Sylvio Michel, porte-parole des Verts Fraternels, a laissé entendre qu’en 1991, son parti avait fait une campagne contre l’usage des sacs en plastique. « Zordi ne pli truv plastic. » Sur un tout autre volet, il précise qu’il y a un lobbying de la part de « certains médias » visant à « boycotter les conférences » des Verts Fraternels. « Li pas normal kan ban grands partis fer conferans ena ene tas journalistes, mais pu ti parti pas truv zot. Ene matin, si situation la continue, les Verts Fraternels pas pu truv aucen journalistes. La Public Gathering Act permet nu ale devant la salle redaction et rappel a lord bane journaux ki boycott nu. Nu bisin ena ene vraie democraci, ene vrai liberte d’expression. »

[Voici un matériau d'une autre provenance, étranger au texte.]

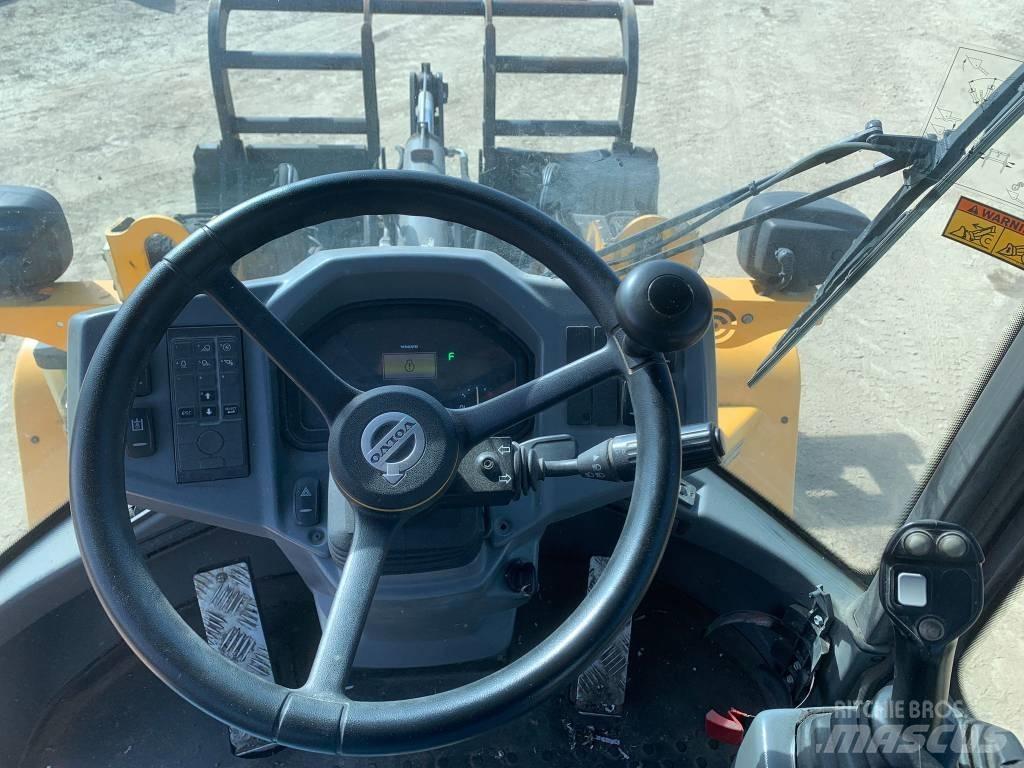 Volvo L 35 G 輪胎式裝載機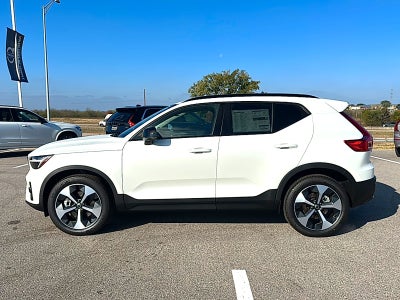 2026 Volvo XC40 B5 Plus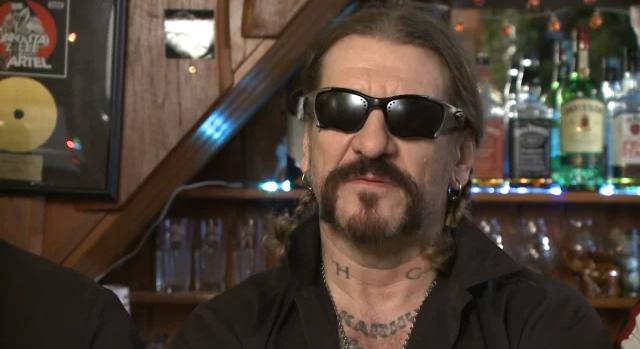 Ganxsta Zolee megható fotóval idézte fel szülei emlékét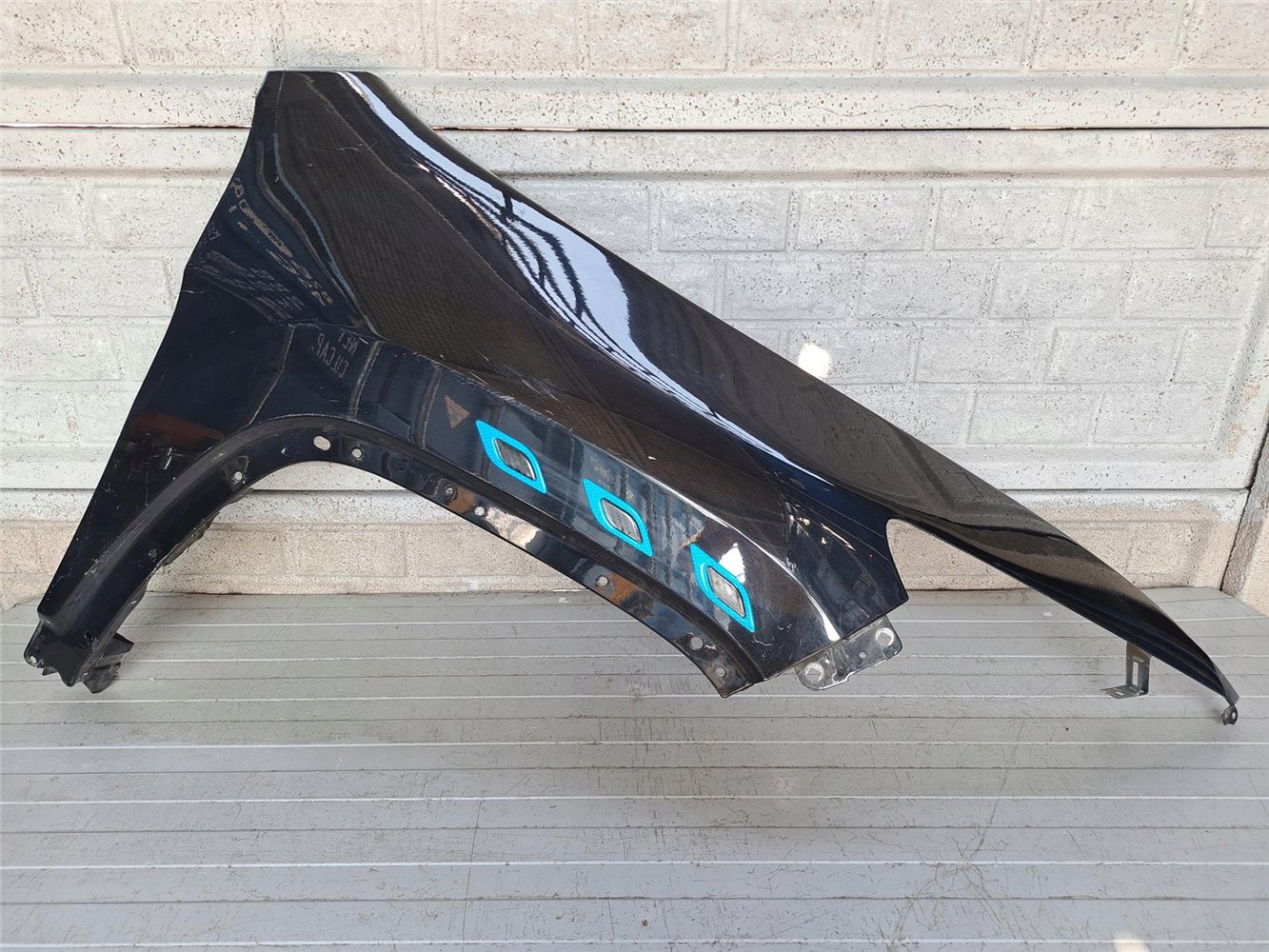 JEEP CHEROKEE 2014-2019 BŁOTNIK PRAWY PRZEDNI ORYGINAŁ (17810857439)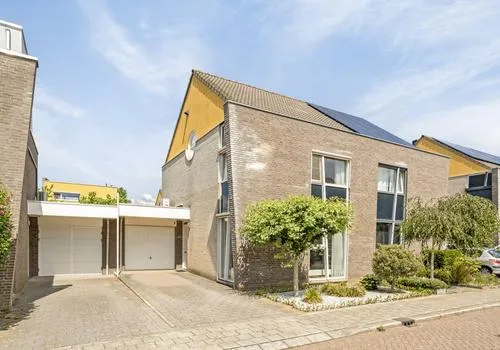 Tussenwoning te koop: Paul van Zeelandstraat 10, Herten Herten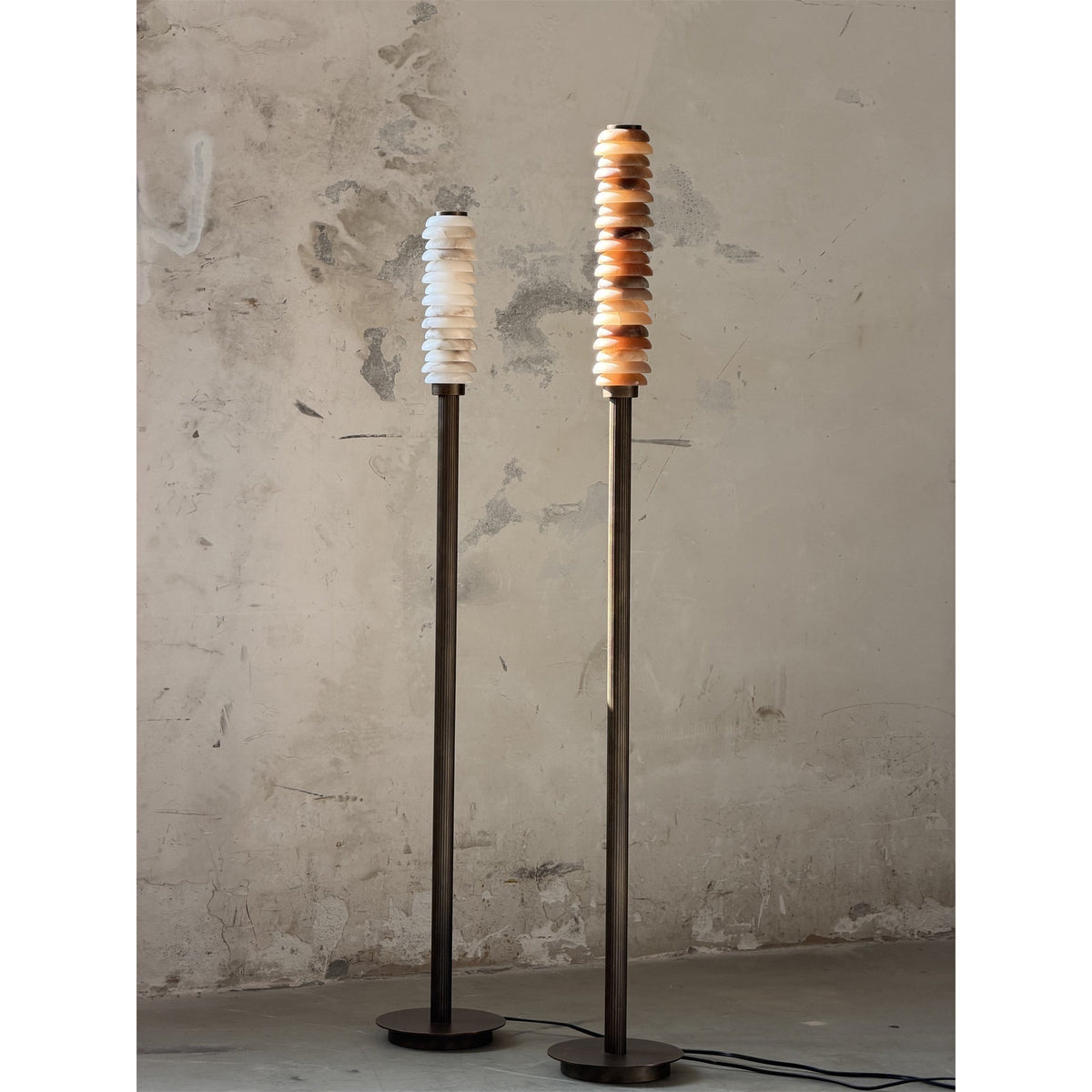 Eiroiella lampadar din alabastru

La raison de ce geste, explique Sylvio Michel : « Nu pas capav donne avantage a de allians. Les petits partis doivent aussi montrer de quoi ils sont capables et méritent la même couverture. C’est cela une vraie démocracie. Chance égale. » Sylvio Michel dira que Les Verts Fraternels ne s’allieront à aucun autre parti et iront seuls aux élections. Il rappelle que sir Anerood Jugnauth l’avait approché pour se joindre à son parti mais qu, lorsqu’ont été évoqués le fait de donner trois à quatre tickets aux Verts Fraternels et la question de la compensation, il n’avait plus été recontacté par SAJ. « Nu ti pu fer ekip avec PAL, mais li fine presse pu ale dire dan bane lagazet ki nu pu appel parti PAL et Les Verts Fraternels, l’Alliance de l’Unité. PTr fine appel so parti l’Alliance de l’Unité et de la Modernité, cela ti pu cree la confusion, mais le leader de PAL n’a pas voulu d’autres appellations pour le nouveau parti. Nu fin decide pu ale seul aux eleksyion en alignant une soixantaine de candidats. »
Sylvio Michel rappelle aussi que son parti n’a « pas besoin » d’une aile féminine. « Nous croyons dans la parité et nous alignerons 30 candidats hommes et 30 candidates femmes. Arrete sa zaffaire bisin met deux hommes-ene fam. » Le nouvel emblème des Verts Fraternels sera connu Les Verts Fraternels – Action contre la misère. « Notre lutte vise à combattre la pauvreté. On connaît bien les poches de pauvreté et nous sommes les mieux placés pour mener ce combat. » Sylvio Michel demande également qu’il y ait une « transparence » au niveau du financement des campagnes et que l’ICAC fasse une enquête et vienne dire publiquement « chaque somme que les partis dépensent ».